Page:Berthelot - Les mystères de Montréal, 1898.djvu/115

Cette page a été validée par deux contributeurs.
114

Le coup avait été tellement violent et inattendu que Cléophas ploya sur ses jarrets et tomba à la renverse.

Bénoni roula par-dessus le corps de Cléophas qui n’avait pas encore lâché sa poigne, en lui criant :

— Ah ! c’est comme ça ! Tu ne veux pas de « fair play » ?

— J’aurai ta vie, misérable, répondit Bénoni.

Ce dernier lâcha les cheveux de son adversaire et, d’un mouvement rapide comme la pensée, il sortit de sa poche un couteau qu’il plongea dans la gorge de son adversaire. Le sang jaillit avec abondance. Cléophas faiblit et poussa quelques râles horribles et tomba inanimé sur la neige au milieu d’une mare de sang.

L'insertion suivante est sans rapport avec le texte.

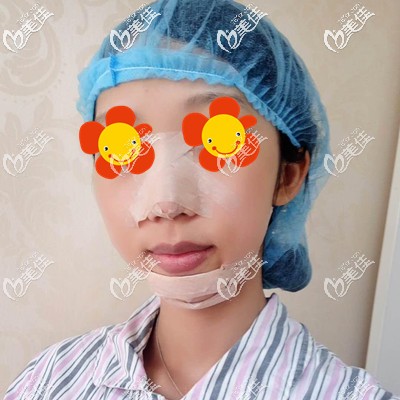 做完手术第3天效果 做完手术第3天效果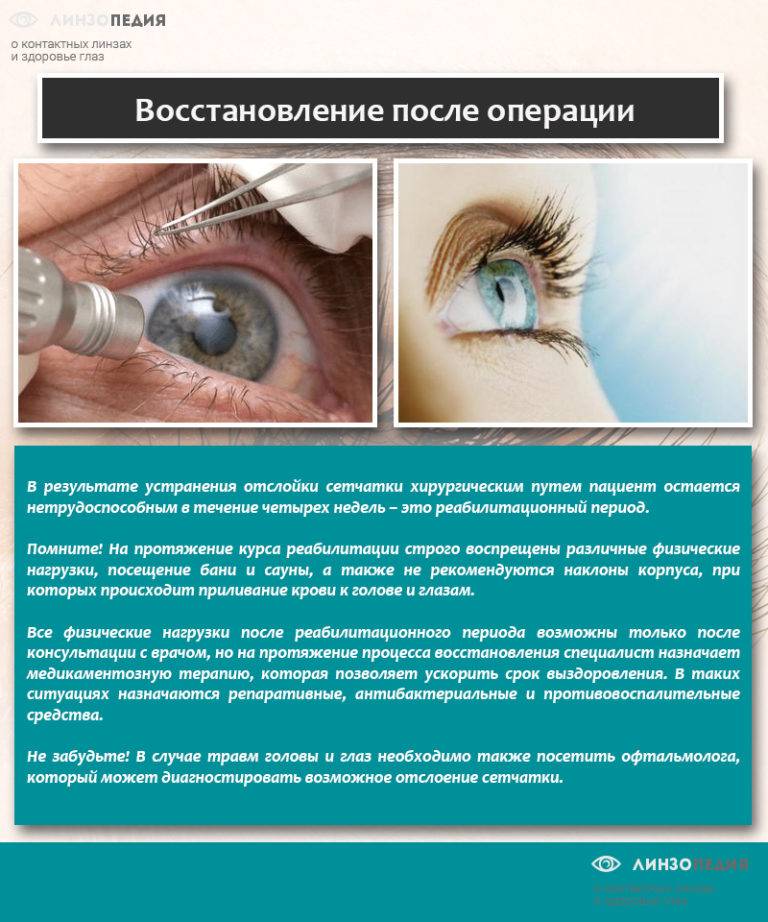 Отслоение сетчатки глаза: операция для восстановления зрения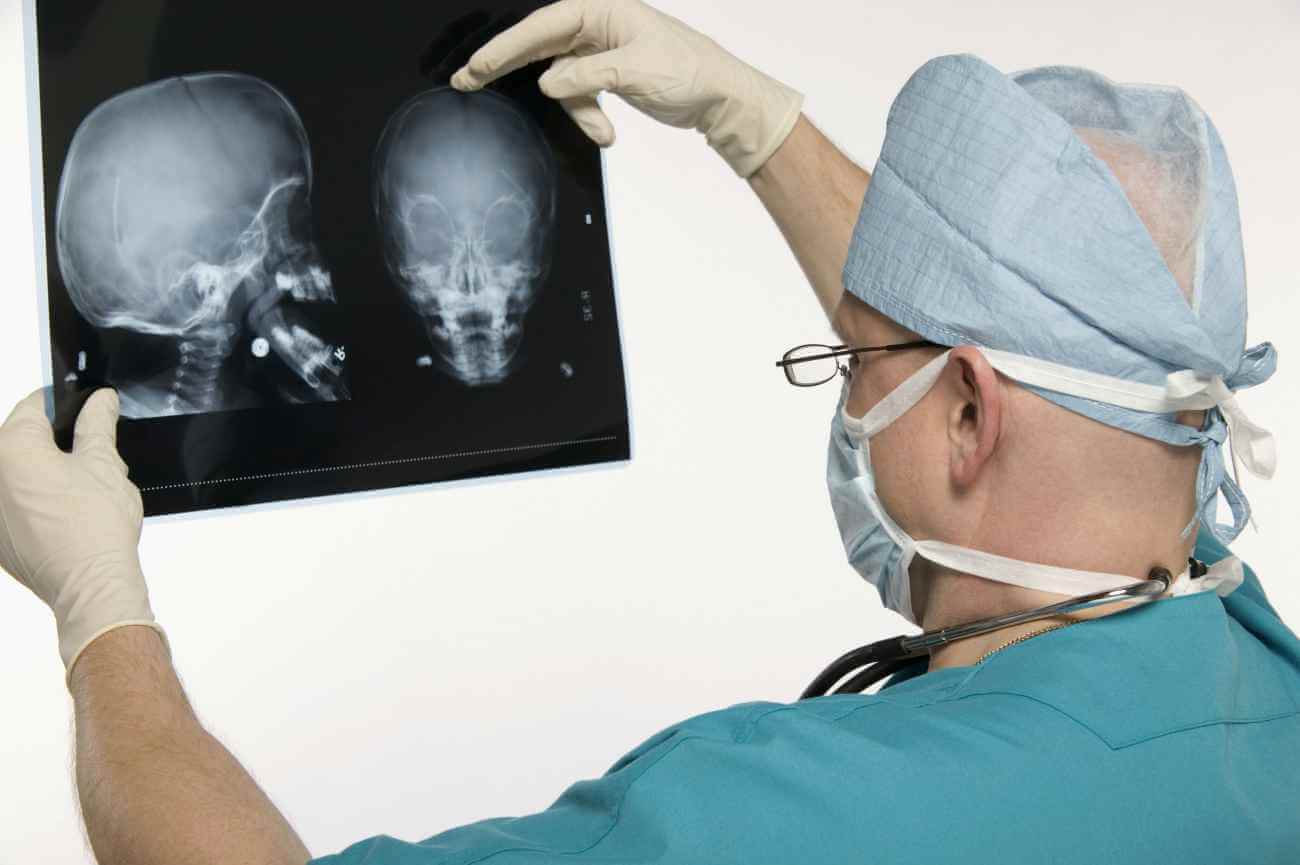 Врач затылок. Рентгенологическое исследование черепа. Рентгенография головы.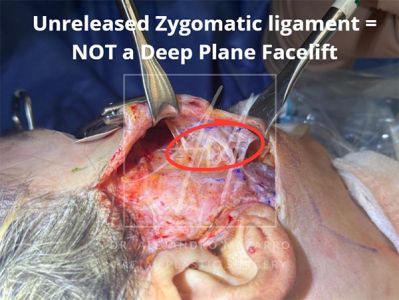 Fake Deep Plane facelift - zygomatic ligament not released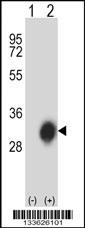 HLA-DPB1 Antibody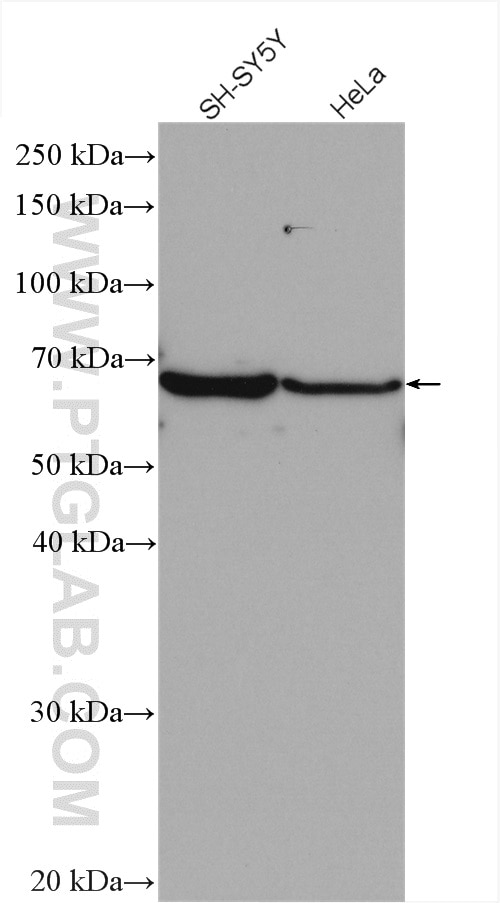 Western Blot (WB) analysis of various lysates using GBA Polyclonal antibody (27972-1-AP)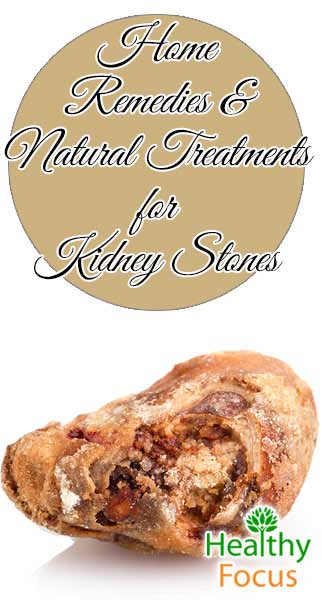 12 Kidney Stones Natural Treatments 14 mig2 Home Remedies Natural Treatments for Kidney Stones
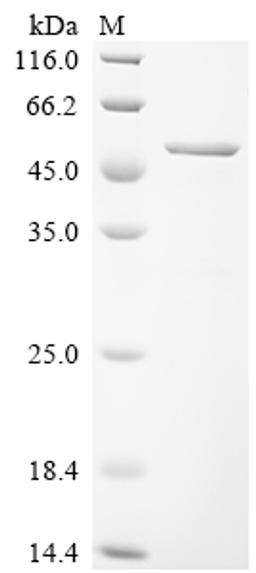(Tris-Glycine gel) Discontinuous SDS-PAGE (reduced) with 5% enrichment gel and 15% separation gel.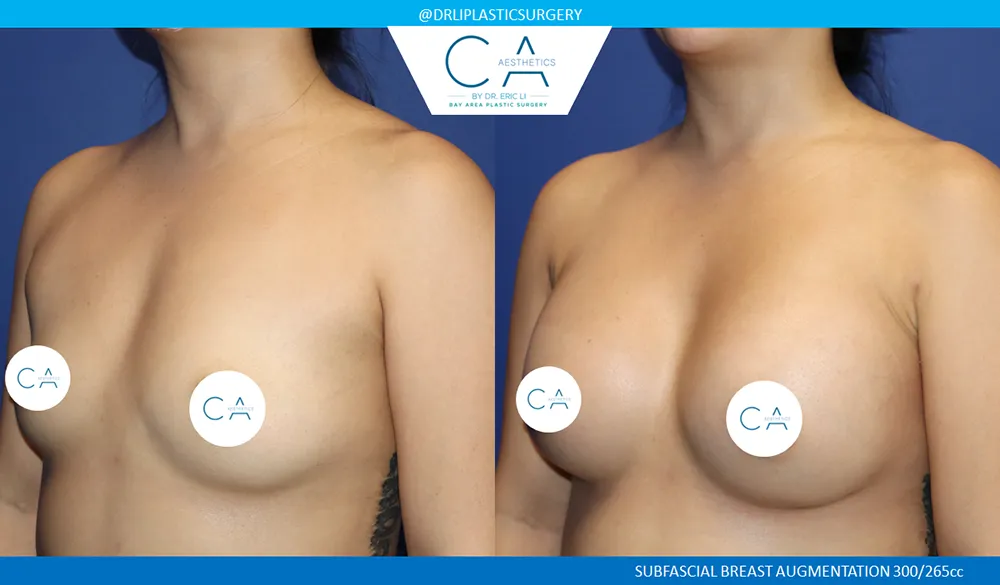 Asian Breast Augmentation case #9562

Bénoni se releva, essuya son couteau dans la neige et contempla sa victime avec des regards féroces.

Cléophas ne bougeait plus.

Bénoni s’agenouilla près du corps et mit la main sur la région du cœur.

Ce cœur avait cessé de battre.

Bénoni resta immobile pendant quelques instants et réalisa tout ce que sa position avait de terrible.

Il venait de commettre un meurtre et la justice allait étendre sur lui son bras vengeur.

Un nuage sombre passa devant ses yeux. Il entrevoyait déjà la potence.

Avant de sortir de la cour, il fouilla les poches de sa victime.

Il trouva dans son portefeuille une dizaine de piastres en billets de banque et une lettre cachetée à l’adresse d’Ursule.

La mère Sansfaçon qui était sourde comme un pot n’avait pas entendu le bruit de la bagarre.

Il s’agissait de faire disparaître au plus tôt la preuve de son crime.

Il releva le cadavre de Cléophas et le jeta au fond d’une vieille cariole. Il couvrit le corps avec un peu de paille et jeta de la neige par-dessus.

Mais il restait toujours la mare de sang dans la ruelle. Il fallait la faire disparaître.

Il prit une pelle dans l’écurie, enleva toute la neige maculée et la jeta sur le tas de fumier en ayant soin de la couvrir d’une nouvelle couche de neige.

Le père Sansfaçon ne se servait plus de la vieille cariole et plusieurs jours pouvaient s’écouler sans que la police fut mise en éveil par la nouvelle de l’assassinat.